Tersangka Yance diciduk di rumah kontrakannya di Jalan Kartika Kelurahan Laiworu Kecamatan Batalaiworu Kabupaten Muna, Selasa, 4 April 2017, sekira pukul 13.00 Wita.

Yance yang tidak lain residivis dalam kasus sabu-sabu ditangkap petugas Direktorar Reserse Narkoba (Ditresnarkoba) Polda Sultra, atas hasil pengembangan kurir sabu-sabu asal Surabaya Jawa Timur bernama Matheji alias Rian (23).
Direktur Reserse Narkoba (Dirresnarkoba) Polda Sultra Komisaris Besar Polisi (Kombespol) Sumarto mengatakan, tersangka Rian merupakan salah satu anak buah Yance yang diperintahkan mengantar sabu-sabu ke Raha Kabupaten Muna.

-Advertisement-

Rian membawa sabu-sabu dari surabaya menggunakan jalur udara, yakni memakai pesawat langsung dari Bandara Juanda Surabaya-Bandara Halu Oleo Kendari.

Namun, Rian baru dibekuk dalam perjalanan dari Kendari ke Raha menggunakan kapal malam KM Uki Raya, Minggu (2/4/2017) sekitar pukul 21.30 Wita. Hasil penggeledahan petugas, di dalam tas ransel milik Rian ditemukan dua paket besar sabu-sabu seberat 146,5 gram.

“Dari Surabaya dia (Rian) menggunakan pesawat Lion Air. Sabu-sabu disimpan dalam tas ransel.
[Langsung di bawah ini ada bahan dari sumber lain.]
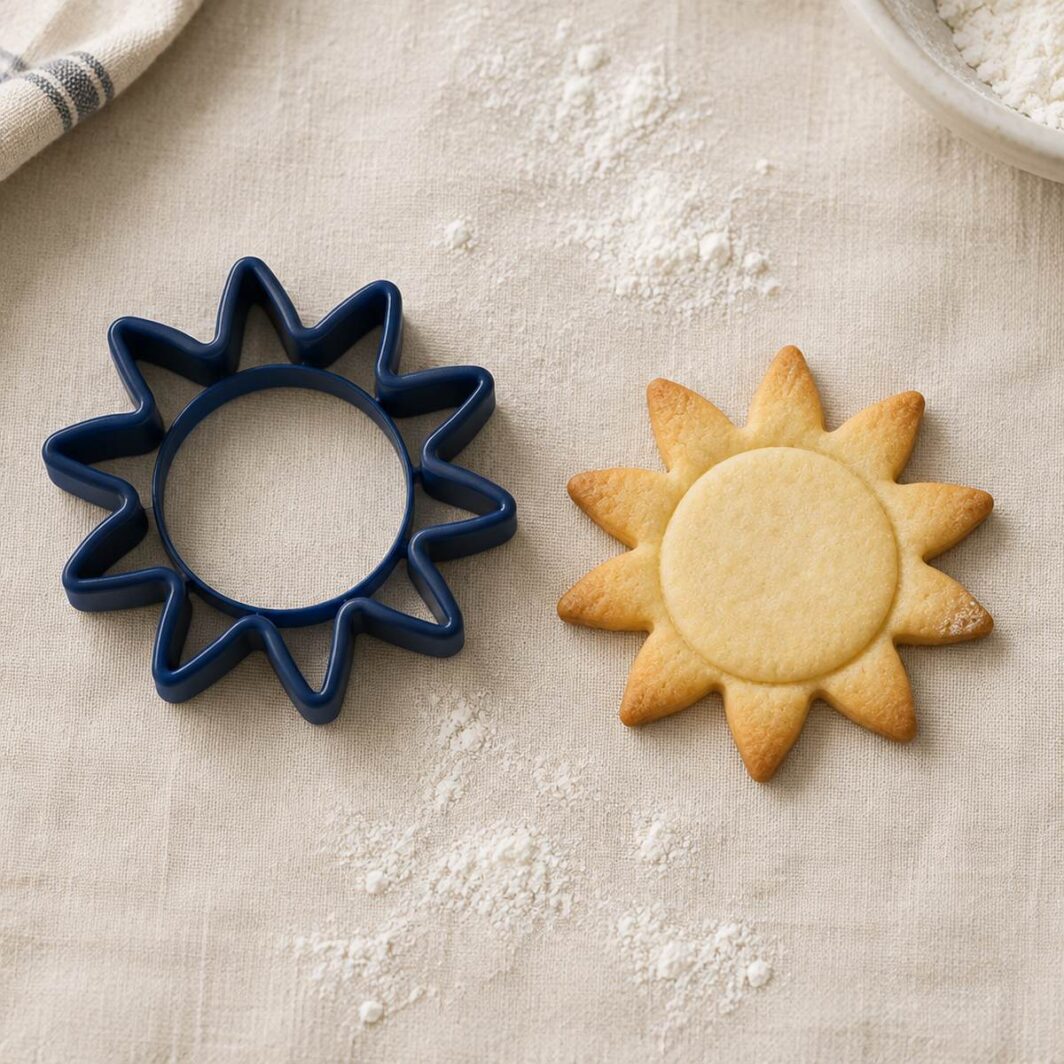 Cortador de galletas con forma de sol junto a una galleta horneada con la misma forma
Ini jaringan baru yang masuk dari Jatim,” terang Sumarto kepada awak media, Jumat (7/4/2017).

Perwira polisi dengan tiga melati di pundak ini mengungkapkan, Rian sudah tiga kali mengantar sabu-sabu untuk Yance. Setiap kali pengantaran ukurannya selalu sekitar 150 gram.
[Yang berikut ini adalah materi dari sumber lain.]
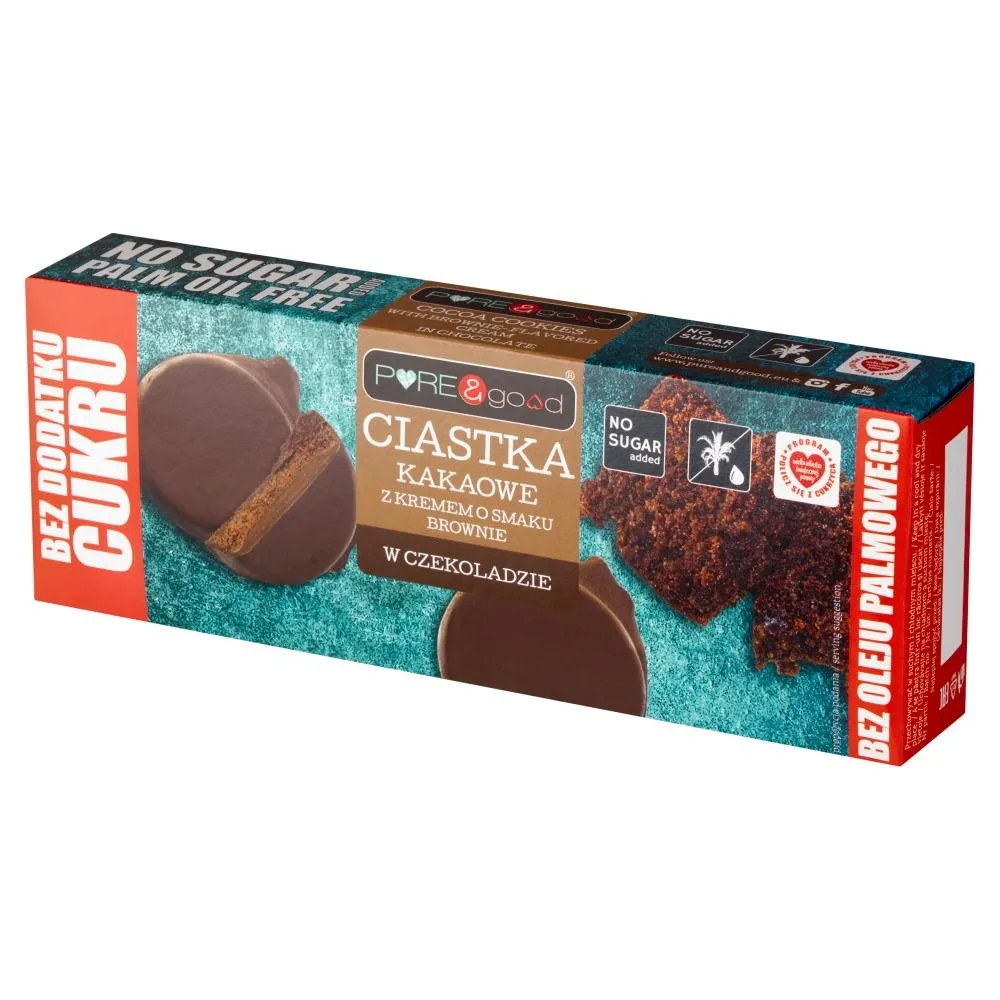 Pure&Good Ciastka kakaowe z kremem o smaku brownie w czekoladzie 128 g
Sumarto menuturkan, kedua tersangka dijerat Pasal 132 ayat (1) junto Pasal 114 ayat (2) subsider Pasal 112 ayat (2) Undang-Undang Nomor 35 Tahun 2009 tentang narkotika, dengan ancaman pidana penjara seumur hidup.

Sementara, tersangka Rian mengaku, berkenalan denganYance sudah lima, bulan melalui salah seorang temannya yabg ada di Surabaya.

Dia mengungkapkan, dirinya tidak bisa menolak tawaran Yance untuk menjadi pengantar sabu-sabu. Karena setiap kali pengantaran barang haram itu, ia mendapat bayaran Rp 10 juta dari Yance.

Bayaran tersebut, kata Rian, di luar dari harga tiket pesawat, penginapan, dan uang makan selama perjalanan.

“Dalam satu kali saya mengantar, saya diberikan uang Rp 10 juta dari Yance. Saya dari Surabaya naik pesawat langsung ke Kendari, barangnya (sabu-sabu) saya bungkus pakai lakban, kemudian saya simpan dalam tas ransel,” aku Rian.